The Christos Crossroads (aka Criss-Cross Roads design)

This my own design. I sent it to Main Roads WA but they did not like the fact that you can also exit a highway on the right, but I think people will get use to exiting on the right, with clear signage, and you can also use LED flashing lights above or on the road to get people into the correct lane.

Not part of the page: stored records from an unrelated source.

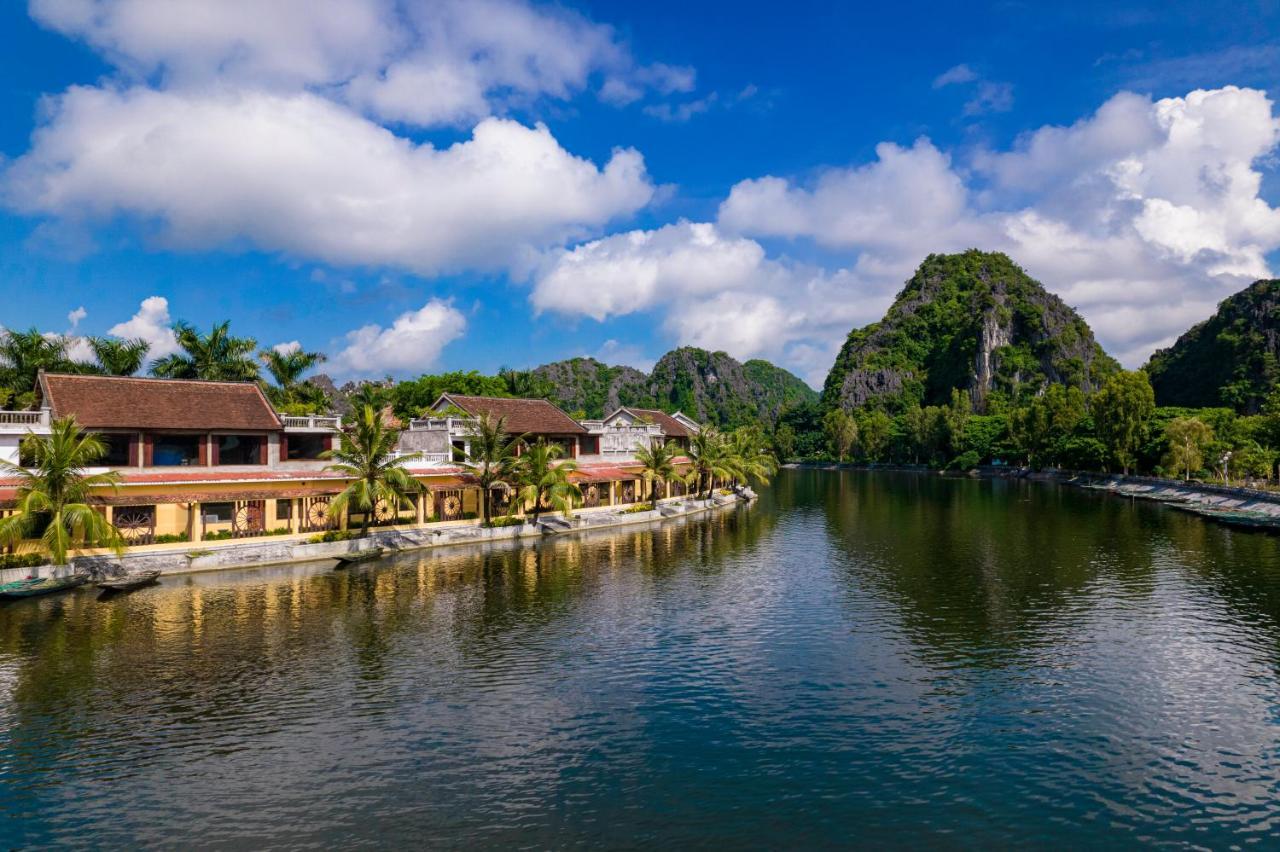Emeralda Tam Coc Resort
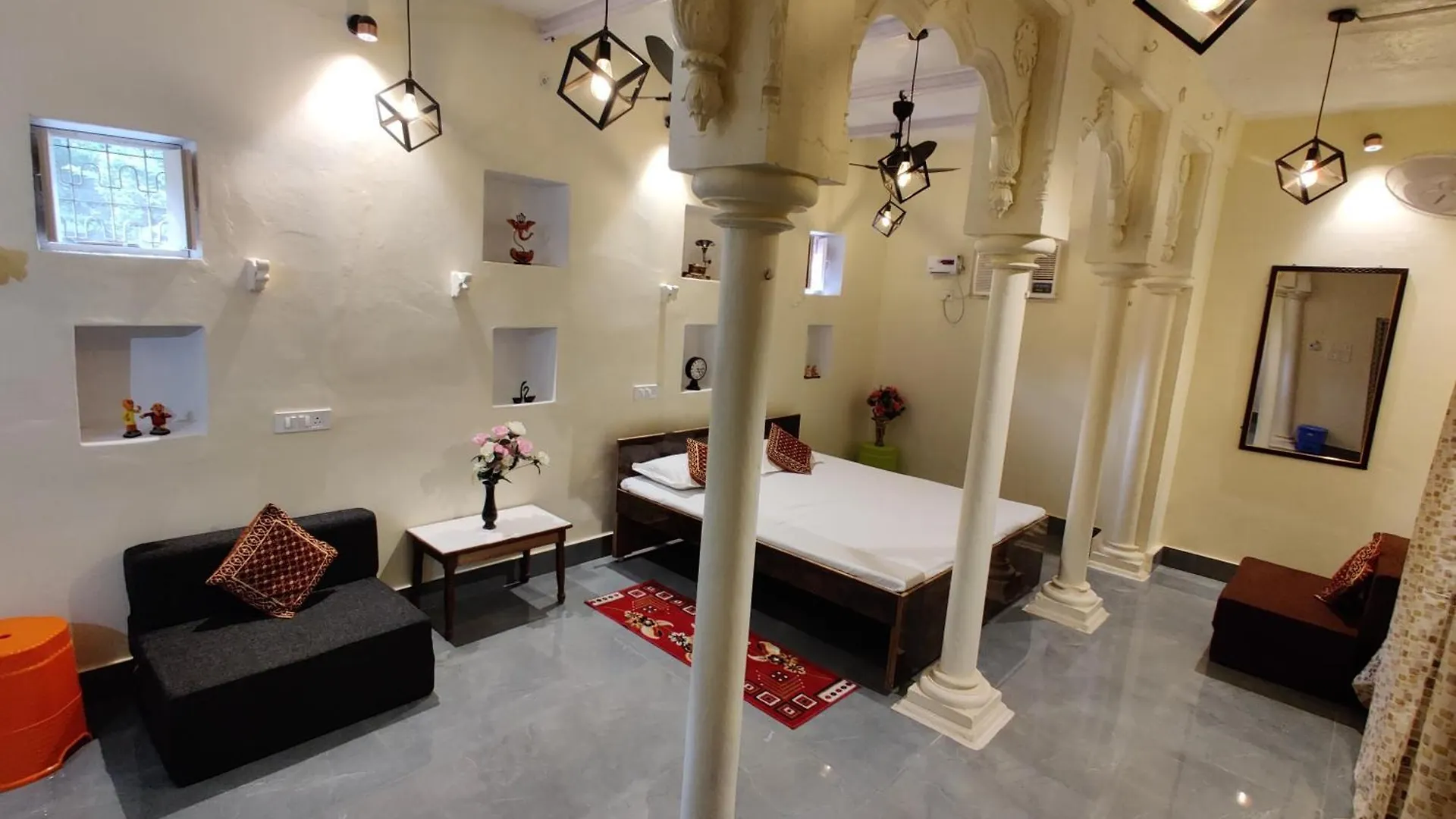 A Shivangan Heritage Home Stay Near Ghat location
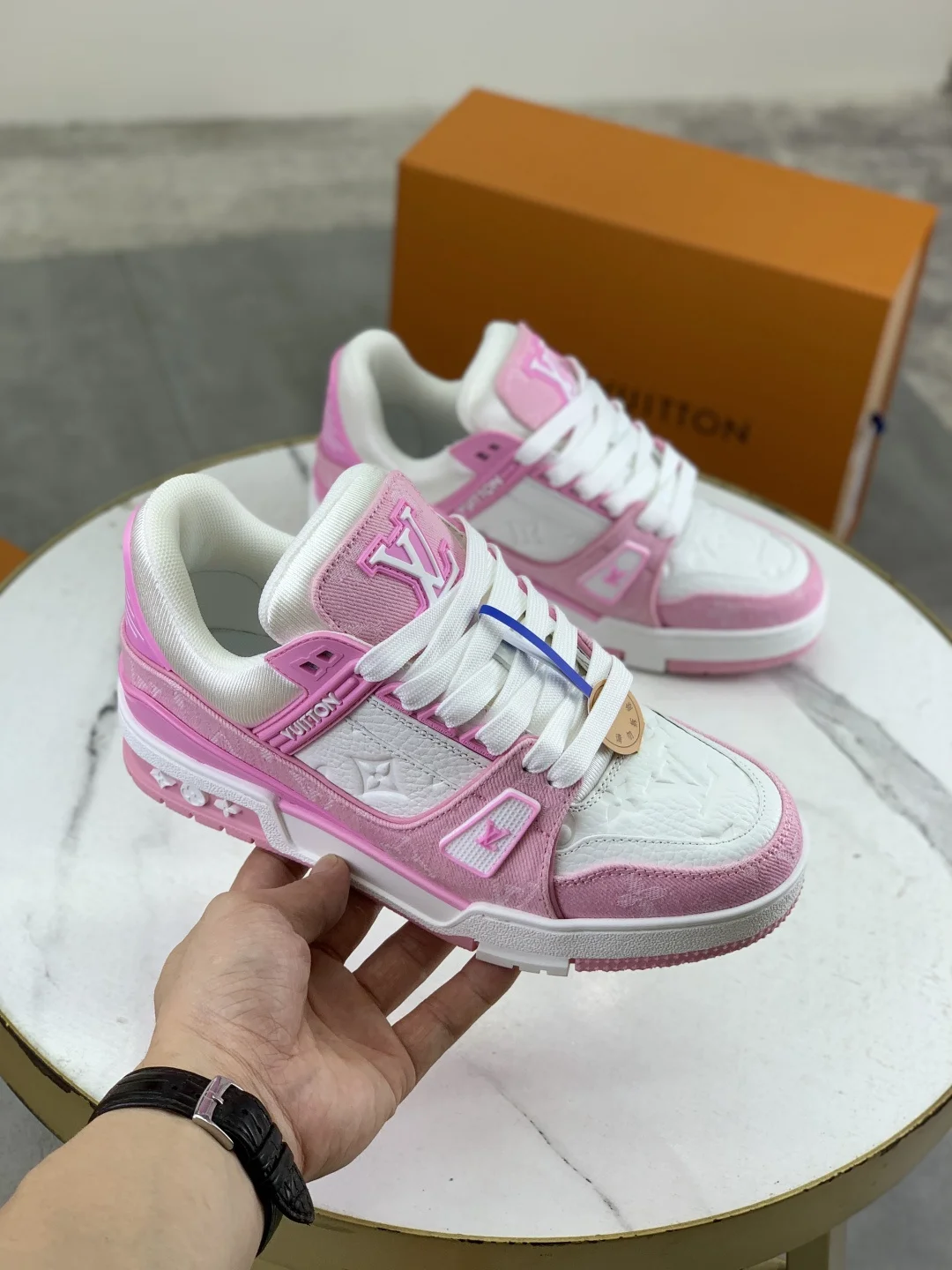 LV Sneakers Pink-White B80202609111687 - Image 3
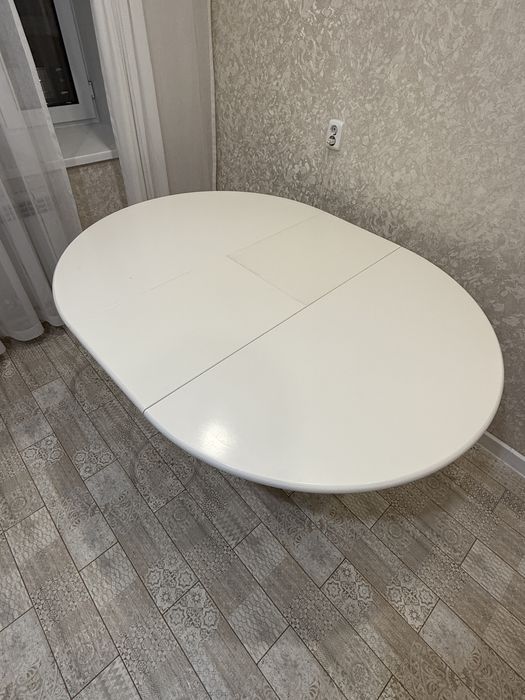 Стол со стульями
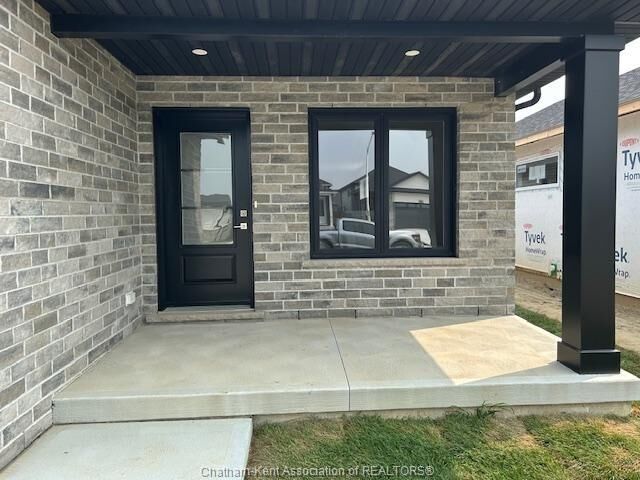 Property Photo: 171 Ironwood Trail ON N7M 0T3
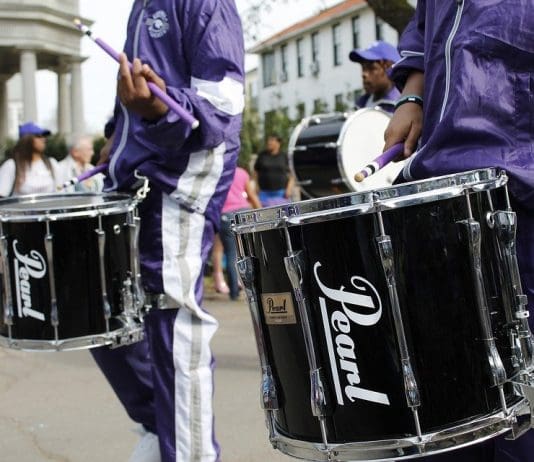 Metropole Market Invites YOU to Join in the Mardi Gras Procession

By using bridges it is possible to have a free flowing traffic intersection of two main roads.
The handdrawn diagram shows you how it works. The right lane must turn right and the left lane must turn left. Where they peel off is a matter of choice.
The diagram is repesentative only and the traffic on the lower road (that is not using the larger overhead bridge) can tunnel underneath the oncoming traffic to turn right instead of going over the top.
Below is a rough sketch of my design.

christos crossroads design

After coming up with this continuous flowing traffic intersection, I have become aware of the clover-leaf design (see below) which I think is fabulous, but I think mine can be made with less land uptake.
The problem with the clover-leaf design is that it requires a much bigger land area to implement as the 270 degree turn for drivers who want to turn right pushes out the road for cars which are turning left in that quarter. In any case, I do not know why Main Roads does not use the clover-leaf design much at all, but come up with all sorts of half baked hanky-panky bridge and traffic light designs.

clover-leaf design

The Christos crossroads design requires much less land area but requires more support either in bridges or retaining walls if tunnels are used.

The concept can also be used at busy T-junctions to allow continuous flow of traffic. I have a diagram somewhere but you can probably work it out for yourselves.